PDNS can recognize so called 'supermasters'. A supermaster is a host which is master for domains and for which we are to be a slave. When a master (re)loads a domain, it sends out a notification to its slaves. Normally, such a notification is only accepted if PDNS already knows that it is a slave for a domain.

However, a notification from a supermaster carries more persuasion. When PDNS determines that a notification comes from a supermaster and it is is bonafide, PDNS can provision the domain automatically, and configure itself as a slave for that zone.

To enable this feature, a backend needs to know about the IP address of the supermaster, and how PDNS will be listed in the set of NS records remotely, and the 'account' name of your supermaster.
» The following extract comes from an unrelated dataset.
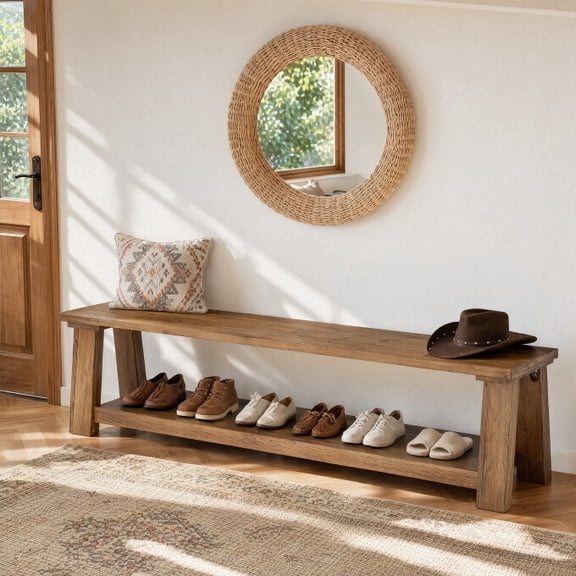 Finmind 70.87" Long Solid Wood Entryway Bench, Farmhouse Indoor Bench with Storage Shelf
There is no need to fill this out but it does help keep track of where a domain comes from.

To enable this feature in the Generic PostgreSQL backend, issue the following:

	  create table supermasters (ip VARCHAR(25), nameserver VARCHAR(255), account VARCHAR(40));
	  GRANT SELECT ON supermasters TO pdns;
	  GRANT ALL ON domains TO pdns;
	  GRANT ALL ON domains_id_seq TO pdns;
	

To configure a supermaster with IP address 10.0.0.11 which lists this installation as 'autoslave.powerdns.com', issue the following:

	  insert into supermasters ('10.0.0.11','autoslave.powerdns.com','internal');
	
From now on, valid notifies from 10.0.0.11 that list a NS record containing 'autoslave.powerdns.com' will lead to the provisioning of a slave domain under the account 'internal'.

WARNING: as of 1.99.9 this feature is new and relatively untested. Only works with the PostgreSQL backend.